## [DATASET RECORDS]
---+---

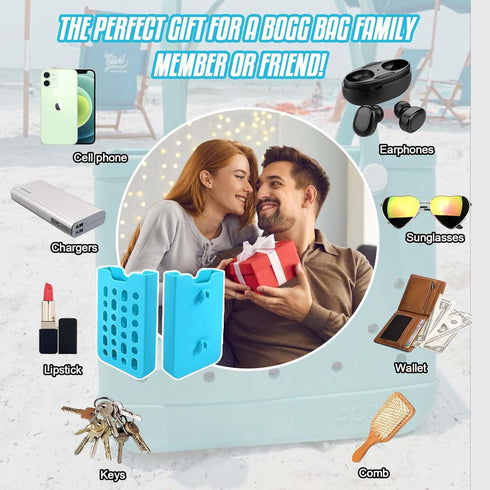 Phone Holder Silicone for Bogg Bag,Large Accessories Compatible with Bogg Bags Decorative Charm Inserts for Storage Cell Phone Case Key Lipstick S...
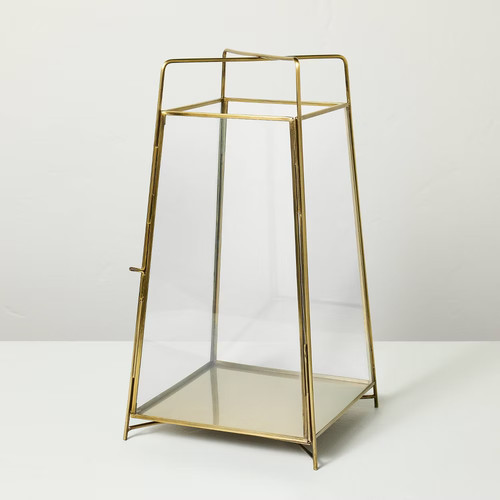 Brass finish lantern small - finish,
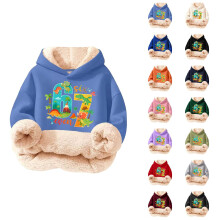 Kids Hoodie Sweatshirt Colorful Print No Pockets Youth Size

---+---

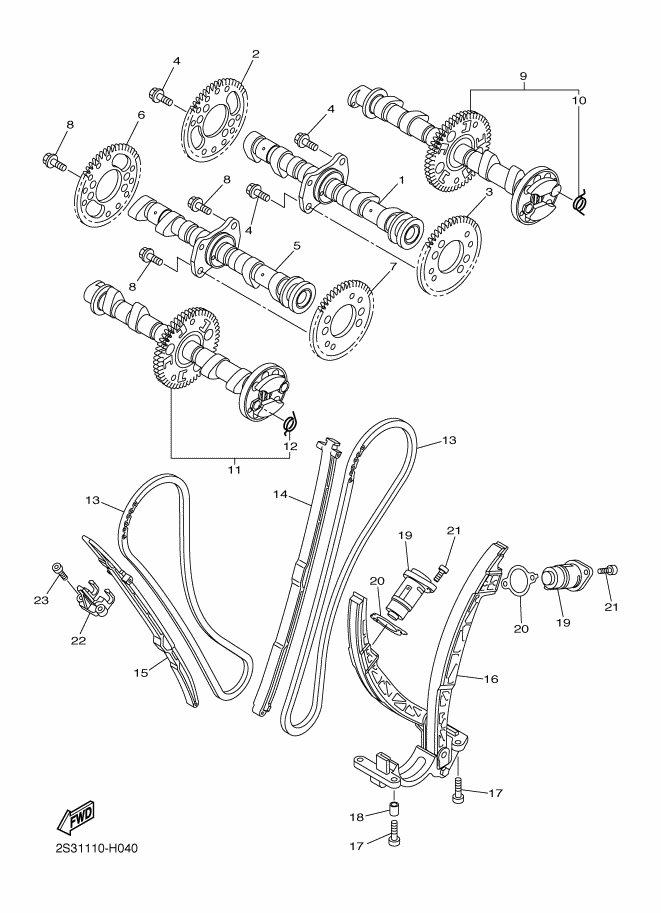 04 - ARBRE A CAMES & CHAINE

---+---

Give exactly the lines above that run from the line with "Phone Holder Silicone" to the line with "Kids Hoodie Sweatshirt", both included, leaving every picture out.

 Phone Holder Silicone for Bogg Bag,Large Accessories Compatible with Bogg Bags Decorative Charm Inserts for Storage Cell Phone Case Key Lipstick S...
 Brass finish lantern small - finish,
 Kids Hoodie Sweatshirt Colorful Print No Pockets Youth Size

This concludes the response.